## ABOUT THIS TASK
Whenever a line below includes the word "Light", copy that line.

## TASK INPUT
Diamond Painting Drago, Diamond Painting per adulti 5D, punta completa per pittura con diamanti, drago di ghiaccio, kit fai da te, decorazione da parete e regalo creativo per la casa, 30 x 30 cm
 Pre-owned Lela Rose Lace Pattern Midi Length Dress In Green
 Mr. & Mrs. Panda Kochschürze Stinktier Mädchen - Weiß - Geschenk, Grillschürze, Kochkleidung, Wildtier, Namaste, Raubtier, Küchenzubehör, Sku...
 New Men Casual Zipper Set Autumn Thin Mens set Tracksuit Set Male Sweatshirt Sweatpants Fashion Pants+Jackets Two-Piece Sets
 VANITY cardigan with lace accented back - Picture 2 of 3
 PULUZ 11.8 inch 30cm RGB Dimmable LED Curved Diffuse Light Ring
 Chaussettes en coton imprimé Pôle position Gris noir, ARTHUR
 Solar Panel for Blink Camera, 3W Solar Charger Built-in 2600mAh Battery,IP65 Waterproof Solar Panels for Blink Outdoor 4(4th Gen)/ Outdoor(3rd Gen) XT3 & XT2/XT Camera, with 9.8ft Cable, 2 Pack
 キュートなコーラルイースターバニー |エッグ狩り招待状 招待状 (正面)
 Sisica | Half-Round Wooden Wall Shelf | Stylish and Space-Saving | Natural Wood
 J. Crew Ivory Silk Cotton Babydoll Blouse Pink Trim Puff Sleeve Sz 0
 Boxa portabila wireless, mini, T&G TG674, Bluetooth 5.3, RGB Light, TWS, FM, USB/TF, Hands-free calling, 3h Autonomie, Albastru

## EXPECTED ANSWER
 PULUZ 11.8 inch 30cm RGB Dimmable LED Curved Diffuse Light Ring
 Boxa portabila wireless, mini, T&G TG674, Bluetooth 5.3, RGB Light, TWS, FM, USB/TF, Hands-free calling, 3h Autonomie, Albastru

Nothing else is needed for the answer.